--- RECORDS FOR PROCESSING Enclosed Below ---
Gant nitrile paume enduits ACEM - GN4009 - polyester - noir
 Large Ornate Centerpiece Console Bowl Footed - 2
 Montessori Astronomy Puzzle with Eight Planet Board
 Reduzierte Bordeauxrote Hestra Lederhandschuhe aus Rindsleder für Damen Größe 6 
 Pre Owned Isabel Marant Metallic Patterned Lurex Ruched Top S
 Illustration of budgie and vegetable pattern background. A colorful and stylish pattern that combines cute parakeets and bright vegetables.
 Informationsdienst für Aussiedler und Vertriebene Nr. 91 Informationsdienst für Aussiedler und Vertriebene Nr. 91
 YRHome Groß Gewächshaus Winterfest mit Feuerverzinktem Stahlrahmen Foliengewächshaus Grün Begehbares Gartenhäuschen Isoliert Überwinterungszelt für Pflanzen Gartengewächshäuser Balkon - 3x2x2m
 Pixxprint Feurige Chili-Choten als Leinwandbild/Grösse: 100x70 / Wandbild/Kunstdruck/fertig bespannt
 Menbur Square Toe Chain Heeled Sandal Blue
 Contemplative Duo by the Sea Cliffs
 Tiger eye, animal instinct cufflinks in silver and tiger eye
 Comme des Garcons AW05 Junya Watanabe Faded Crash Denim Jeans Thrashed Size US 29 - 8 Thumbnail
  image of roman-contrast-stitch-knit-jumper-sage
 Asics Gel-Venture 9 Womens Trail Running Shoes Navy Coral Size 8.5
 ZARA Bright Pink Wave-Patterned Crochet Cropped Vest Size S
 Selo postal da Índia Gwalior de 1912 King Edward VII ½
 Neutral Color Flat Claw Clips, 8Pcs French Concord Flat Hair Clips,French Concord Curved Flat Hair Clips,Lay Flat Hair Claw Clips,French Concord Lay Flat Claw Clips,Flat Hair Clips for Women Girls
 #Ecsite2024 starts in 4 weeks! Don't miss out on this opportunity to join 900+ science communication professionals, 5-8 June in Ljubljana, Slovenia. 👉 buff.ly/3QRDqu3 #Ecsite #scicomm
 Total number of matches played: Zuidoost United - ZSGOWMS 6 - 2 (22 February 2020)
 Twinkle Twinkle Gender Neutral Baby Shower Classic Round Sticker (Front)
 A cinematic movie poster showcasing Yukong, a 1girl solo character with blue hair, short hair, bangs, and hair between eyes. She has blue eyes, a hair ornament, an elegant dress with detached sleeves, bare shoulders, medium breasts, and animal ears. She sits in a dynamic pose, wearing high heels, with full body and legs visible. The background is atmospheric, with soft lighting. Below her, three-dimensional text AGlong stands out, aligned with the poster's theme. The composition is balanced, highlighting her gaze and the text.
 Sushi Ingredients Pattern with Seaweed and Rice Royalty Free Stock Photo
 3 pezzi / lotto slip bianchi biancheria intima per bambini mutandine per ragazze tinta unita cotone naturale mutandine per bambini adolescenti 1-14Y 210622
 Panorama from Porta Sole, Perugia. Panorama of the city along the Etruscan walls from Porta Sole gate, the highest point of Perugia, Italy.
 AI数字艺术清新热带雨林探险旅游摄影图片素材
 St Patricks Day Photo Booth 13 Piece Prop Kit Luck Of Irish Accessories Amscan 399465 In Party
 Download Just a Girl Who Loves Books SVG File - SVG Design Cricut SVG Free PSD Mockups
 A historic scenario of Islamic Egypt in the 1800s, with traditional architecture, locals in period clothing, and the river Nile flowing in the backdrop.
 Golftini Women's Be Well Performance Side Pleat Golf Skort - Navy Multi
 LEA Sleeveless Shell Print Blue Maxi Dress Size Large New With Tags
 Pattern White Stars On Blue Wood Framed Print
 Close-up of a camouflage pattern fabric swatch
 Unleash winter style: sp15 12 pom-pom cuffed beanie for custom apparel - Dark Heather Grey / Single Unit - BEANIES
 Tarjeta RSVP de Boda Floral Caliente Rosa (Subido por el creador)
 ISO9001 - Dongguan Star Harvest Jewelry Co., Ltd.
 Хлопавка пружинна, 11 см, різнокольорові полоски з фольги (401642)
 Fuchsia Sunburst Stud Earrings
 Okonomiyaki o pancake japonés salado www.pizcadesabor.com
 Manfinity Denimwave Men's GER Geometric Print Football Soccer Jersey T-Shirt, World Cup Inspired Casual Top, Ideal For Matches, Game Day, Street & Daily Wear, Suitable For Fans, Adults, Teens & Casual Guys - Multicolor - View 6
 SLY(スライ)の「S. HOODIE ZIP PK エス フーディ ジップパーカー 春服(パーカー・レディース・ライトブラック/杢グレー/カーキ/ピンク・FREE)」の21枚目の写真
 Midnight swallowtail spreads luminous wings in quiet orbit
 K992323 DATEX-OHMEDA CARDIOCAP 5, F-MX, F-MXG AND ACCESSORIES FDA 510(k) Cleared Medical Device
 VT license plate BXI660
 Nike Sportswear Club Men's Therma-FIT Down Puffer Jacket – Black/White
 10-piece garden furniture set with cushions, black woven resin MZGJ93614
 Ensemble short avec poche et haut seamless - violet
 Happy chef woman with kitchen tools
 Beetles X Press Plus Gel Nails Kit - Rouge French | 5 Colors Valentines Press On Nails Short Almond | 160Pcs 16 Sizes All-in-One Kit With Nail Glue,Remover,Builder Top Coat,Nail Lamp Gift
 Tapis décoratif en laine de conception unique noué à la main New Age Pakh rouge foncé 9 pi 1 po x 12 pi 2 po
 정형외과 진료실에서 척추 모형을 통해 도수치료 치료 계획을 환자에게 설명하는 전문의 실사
--- End of Enclosed RECORDS FOR PROCESSING ---
### WORK TASK
Your task is to restate, word for word, only those lines above that fall between the line holding "ZARA Bright Pink" and the line holding "Sushi Ingredients Pattern", inclusive.

### ANSWER FOR THE TASK
 ZARA Bright Pink Wave-Patterned Crochet Cropped Vest Size S
 Selo postal da Índia Gwalior de 1912 King Edward VII ½
 Neutral Color Flat Claw Clips, 8Pcs French Concord Flat Hair Clips,French Concord Curved Flat Hair Clips,Lay Flat Hair Claw Clips,French Concord Lay Flat Claw Clips,Flat Hair Clips for Women Girls
 #Ecsite2024 starts in 4 weeks! Don't miss out on this opportunity to join 900+ science communication professionals, 5-8 June in Ljubljana, Slovenia. 👉 buff.ly/3QRDqu3 #Ecsite #scicomm
 Total number of matches played: Zuidoost United - ZSGOWMS 6 - 2 (22 February 2020)
 Twinkle Twinkle Gender Neutral Baby Shower Classic Round Sticker (Front)
 A cinematic movie poster showcasing Yukong, a 1girl solo character with blue hair, short hair, bangs, and hair between eyes. She has blue eyes, a hair ornament, an elegant dress with detached sleeves, bare shoulders, medium breasts, and animal ears. She sits in a dynamic pose, wearing high heels, with full body and legs visible. The background is atmospheric, with soft lighting. Below her, three-dimensional text AGlong stands out, aligned with the poster's theme. The composition is balanced, highlighting her gaze and the text.
 Sushi Ingredients Pattern with Seaweed and Rice Royalty Free Stock Photo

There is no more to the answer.